Atas kerugian yang diderita tersebut, konsumen dapat menuntut untuk diberikan
kompensasi. Jadi dalam hal ini pengertian konsumen secara khusus hanya
ditujukan kepada pemakai produk cacat untuk keperluan pribadi.[4]
Di Indonesia, perlindungan konsumen secara jelas dan tegas baru dilakukan pada
tahun 1999 dengan diundangkannya Undang-undang No 8 Tahun 1999.
Rumusan
pengertian perlindungan konsumen yang terdapat dalam Pasal 1 angka 1 Undang-undang Nomor 8 Tahun 1999 tentang
Perlindungan Konsumen (selanjutnya disebut Undang-Undang Perlindungan Konsumen
/ UUPK) tersebut cukup memadai. Kalimat yang menyatakan ”segala upaya yang
menjamin adanya adanya kepastian hukum”, diharapkan sebagai upaya benteng untuk
meniadakan tindakan sewenang-wenang yang merugikan pelaku usaha hanya demi
untuk kepentingan perlindungan konsumen.[5]
Meskipun
Undang-undang ini disebut sebagai Undang-undang Perlindungan Konsumen (UUPK) namun bukan berarti kepentingan pelaku
usaha tidak ikut menjadi perhatian, teristimewa karena keberadaan perekonomian
nasional banyak ditentukan oleh para pelaku usaha.[6]
Kesewenang-wenangan
akan mengakibatkan ketidakpastian hukum. Oleh karena itu, agar segala upaya
memberikan jaminan akan kepastian hukum, ukurannya secara kualitatif ditentukan dalam Undang-Undang Perlindungan Konsumen dan
undang-undang lainnya yang juga dimaksudkan dan masih berlaku untuk memberikan
perlindungan konsumen baik dalam Hukum Privat (Perdata) maupun hukum publik
(Hukum Pidana dan Hukum Administrasi Negara).
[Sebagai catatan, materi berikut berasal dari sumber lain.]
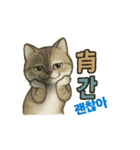 動くミュミュ、かわいすぎて止まらない！（個別スタンプ：1）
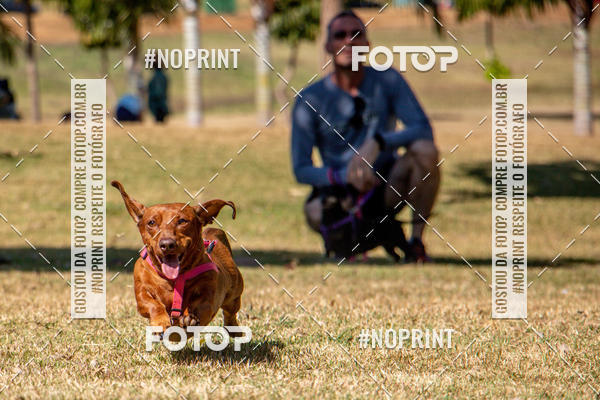 Compre suas fotos do eventoCo Joo - Festa Julina do Clube dos Salsichanos Ribeiro Preto no Fotop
Keterlibatan berbagai disiplin
ilmu sebagaimana dikemukakan di atas, memeperjelas kedudukan Hukum Perlindungan
Konsumen berada dalam kajian Hukum Ekonomi.
Setiap
pekerjaan mempunyai tujuan, pada sisi lain bidang konsumen ini telah mengalami
pertumbuhan seiring dengan semakin kompleksnya permasalahan yang dialami oleh
konsumen, salah satu masalahnya adalah kerugian yang dialami konsumen akibat
cacat dan berbahaya. Jika masalah
perlindungan dengan konsumen itu mendasar pada adanya saling membutuhkan antara produsen dan
konsumen dengan prinsip kesederajatan sama hak-hak konsumen menimbulkan
kewajiban produsen maka sebenarnyalah produsen bertanggung jawab terhadap
barang-barang yang dibeli dari produsen. Oleh karena itu selain peraturan perundang-undangan perlindungan hukum
bagi konsumen mempunyai dua aspek yaitu [7]:
Cabang-cabang
hukum publik yang berkaitan dan berpengaruh atas hukum konsumen umumnya adalah
hukum administrasi, hukum pidana dan hukum internasional terutama
konvensi-konvensi internasional yang berkaitan dengan praktik bisnis, maupun
Resolusi PBB tentang perlindungan konsumen sepanjang telah diratifikasi oleh
Indonesia sebagai salah satu anggota. Di antara cabang hukum ini, tampaknya
yang paling berpengaruh pada hubungan
dan masalah yang termasuk hukum konsumen atau perlindungan konsumen adalah
hukum pidana dan hukum administrasi negara sebagaimana diketahui bahwa hukum
publik pada pokoknya mengatur hubungan hukum antara instansi-instansi
pemerintah dengan masyarakat, selagi instansi tersebut bertindak selaku
penguasa.
Kewenangan
mengawasi dan bertindak dalam penerapan hukum yang berlaku oleh aparat
pemerintah yang diberikan wewenang untuk itu, sangat perlu bagi perlindungan
konsumen. Berbagai instansi berdasarkan peraturan perundang-undangan tertentu
diberikan kewenangan untuk menyelidiki, menyidik, menuntut, dan mengadili
setiap perbuatan pidana yang memenuhi unsur-unsur dari norma-norma hukum yang
berkaitan.
Penerapan
norma-norma hukum pidana seperti yang termuat dalam KUHP atau di luar KUHP
sepenuhnya diselenggarakan oleh alat-alat perlengkapan negara yang diberikan
wewenang oleh Undang-undang untuk itu. KUHP No. 8 Tahun 1981 (LN 1981 No. 76)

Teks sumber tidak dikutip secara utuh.